今日のリトリートの内容をもう少し書いてみようと思う。

学生は15名ほど、そしていつも指導してくれるスピリチュアル・ディレクター(霊的形成のリーダー)。
朝8時頃から、各チームで集まって始まる。スピリチュアル・フォーメーションのクラスは、2つ、各々30~40名。
1チーム12名~15名なので、5,6チームがそれぞれの場所でリトリートをもつ。

朝ごはん、昼食も用意されている。

何か、ありがたいのが、食事が用意されていること。学部によって違うらしいが、TALBOTではよく食事や飲み物が提供される。
リトリートの途中、各クラスにポップコーンとお菓子が差し入れられるという、不思議。

私のチームは、他のチームより早めに集まり、早めにスタート。


今日中数人の学生(全員神学部)のライフマップ、これまでの家庭環境のことを聞かせてもらった。

常々、私は自分自身の家庭が機能不全家族なので、自分には…正直なところ家族のことなど勉強する資格が無いと思っていた。
健全な家庭で育っていない人間が、健全な家庭を持つことが出来るだろうか。
私には自信がない。

だから、少しでも、少なくとも私よりはまともな家庭で育った人が、家族のカウンセリングを、サポートをする資格があると思っていた。

だが、今日一人ひとりの話を聞いてみて…安全でまともな家庭の出身者なんて一人もいなかった。

特に、アジア圏から移民で来ている人たちは、幼い頃から親と離れて暮らしていた。
親は、子供の将来のためだといって、厳しい教育をしたり、子供だけでアメリカに住まわせたり、引っ越しを繰り返したり、その中で育った子どもたちは常に不安と孤独に晒されていた。

アルコール中毒、ギャンブル、不倫、暴力、いじめ、自殺未遂、ヒステリー、争い、性的虐待、犯罪、ポルノグラフィ、中絶、離婚…
そんな話の連続だった。


じゃぁ、誰に家族のケアをする適性があるのだろうか。
確かに、多少なりともまともな家庭の人達もいる。
でも、ここに来ている学生たちの家庭が、世の中の縮図だとしたら。

自分は不適格者だ。
生まれたときから、不健全極まりない家庭で過ごした。それ以外の選択肢はなかった。
精神的にも、不安定因子だらけだ。

でも、誰が適正を持っているというのか。

安定した家庭で育てられた、健康な精神を持つ人間が、牧師に、伝道者になるのにふさわしいとしたら、今日ここに集まった一体誰がふさわしいというのだろう。

人は、少なくとも、今日ここで勉強した人たちは、傷だらけの過去を、神の恵みによって新しく生き直していくんじゃないだろうか。

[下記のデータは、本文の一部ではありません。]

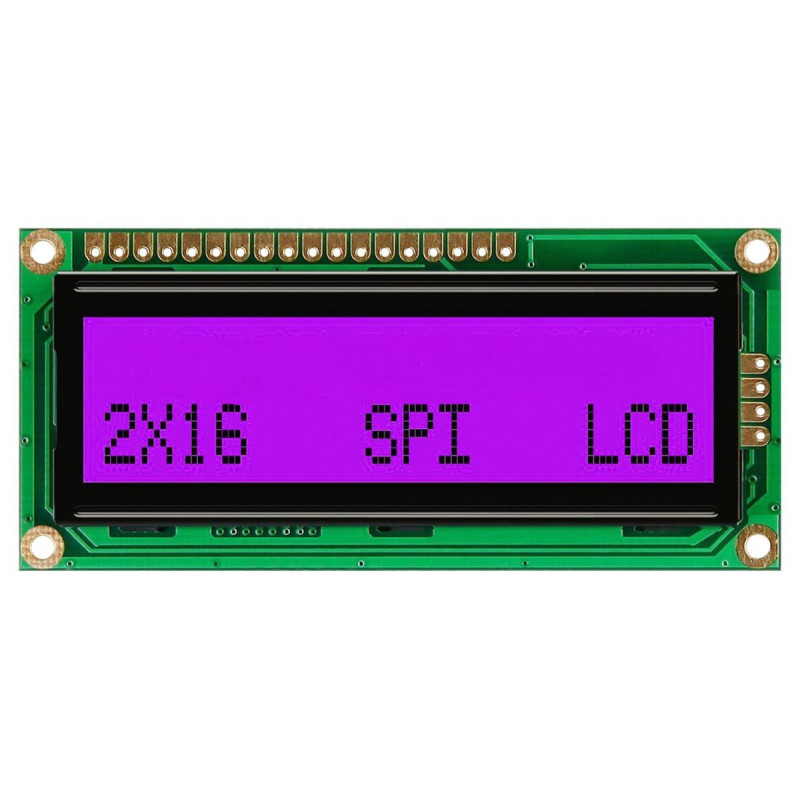 Midas (MD21605G6W1-FPTLRGBS) Alphanumeric LCD, 16 x 2, Black on RGB, 5V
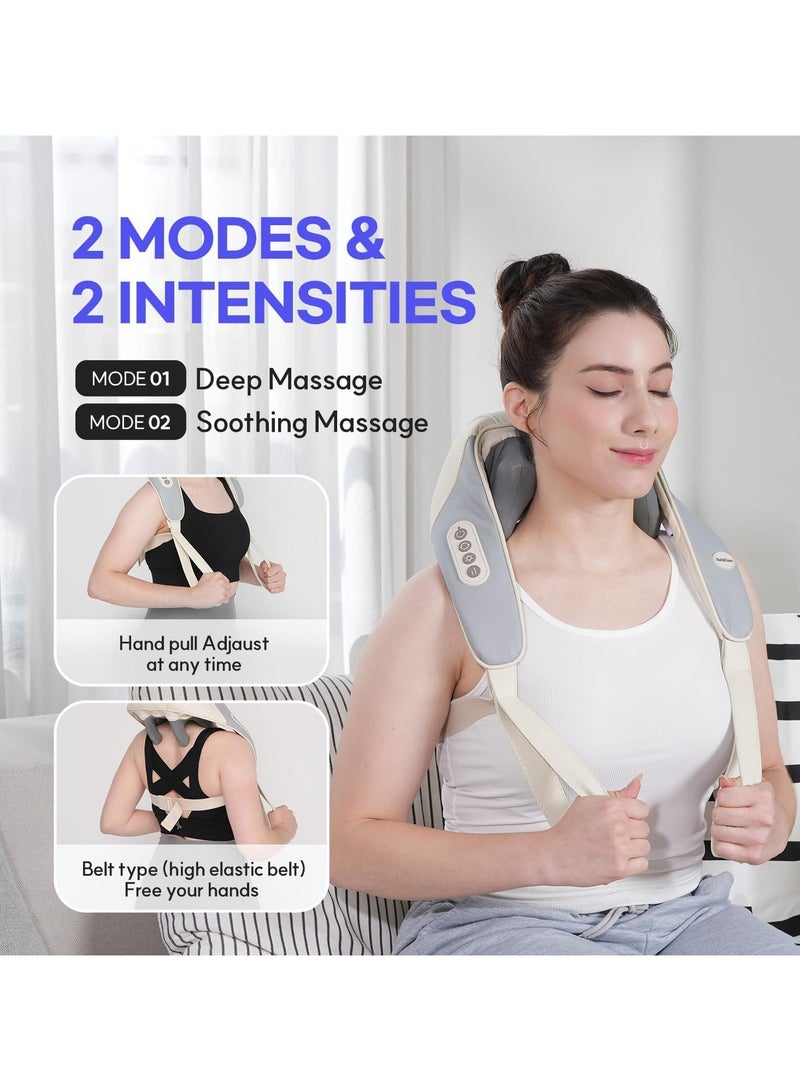 LIXES Mini Shiatsu Neck Massager, Shoulder Neck Massager with Heat for Pain Relief Deep Tissue, Neck, Back, Shoulder, Leg Electric Kneading Massager, Perfect Gifts for Men Women Dad Mom - Image 3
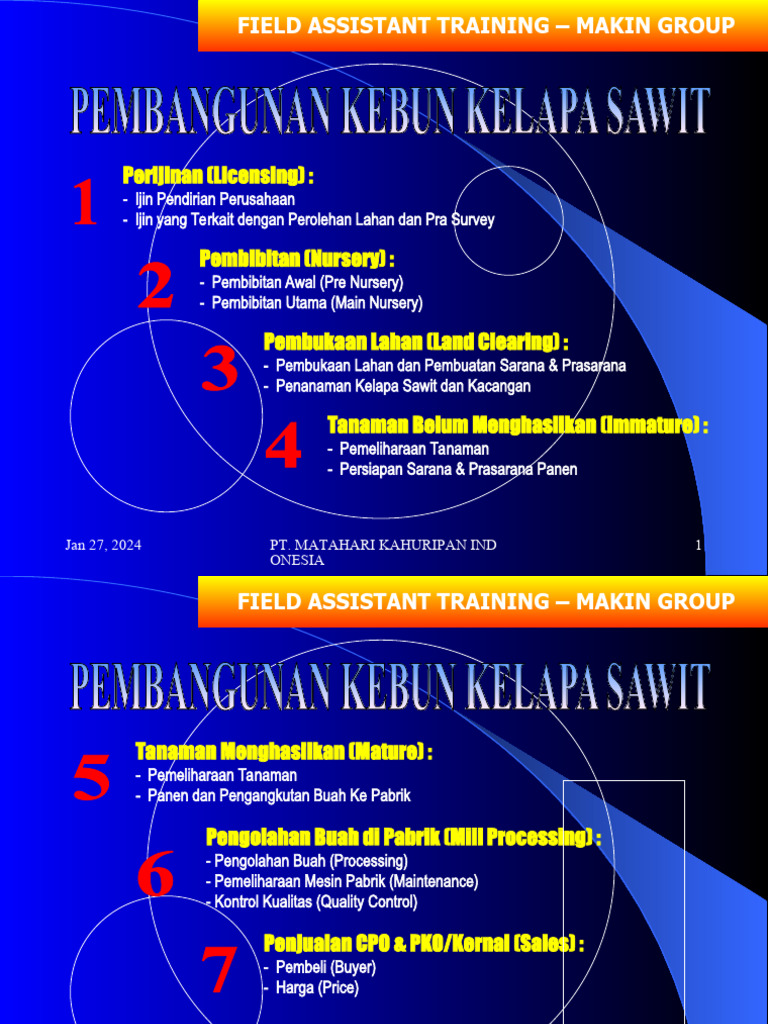 Oil Palm Development Summary Pdf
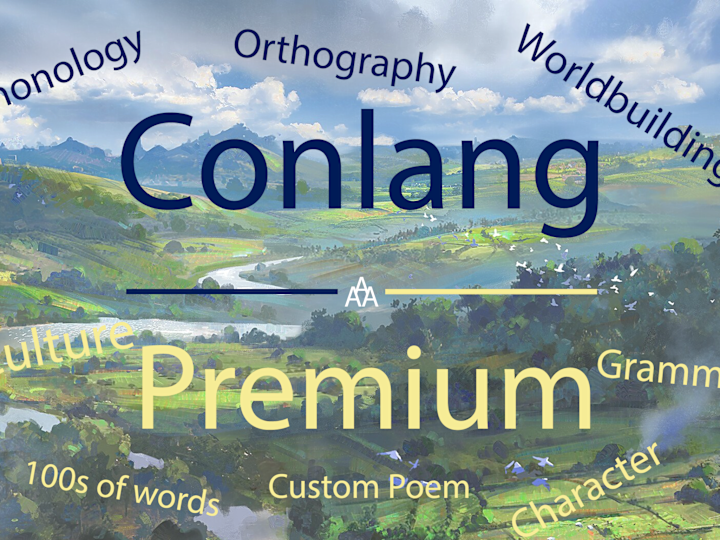 Cover image for I will bring your idea for a fictional language to life [PREM]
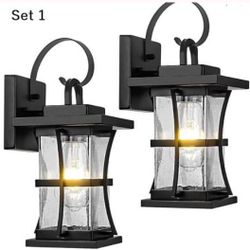 NEW 1 Set (2units) Outdoor Wall Light, Modern Waterproof Sconces Wall - $70 (Rancho Bernardo)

一人の牧師家庭出身の学生さんは、話しながら、思い重荷を背負っているように見えた。
家庭をめちゃくちゃにし、家族を暴力で危険に晒しながら、神の恵みを説く父親を、彼は必死に許そうとしていた。
なんとか、家族の絆が回復するように。

でも、彼は先セメスターから、鬱症状が出始めて苦しんでいる。

不適格者は、神の家族を回復させることが出来るのだろうか。
不適格者である意味というのは。

不適格者は、自分が育った家庭をモデルにすることが出来ない。
だからこそ、神が教える「家族」を自分自身で生きなければいけない。

手探りで、一から神の家族とは何なのか、取り組んでいく過程を通っていく。
気が遠くなる作業だが、もしかすると、それが通常の「神の家族」になっていく、ということなのかも知れない。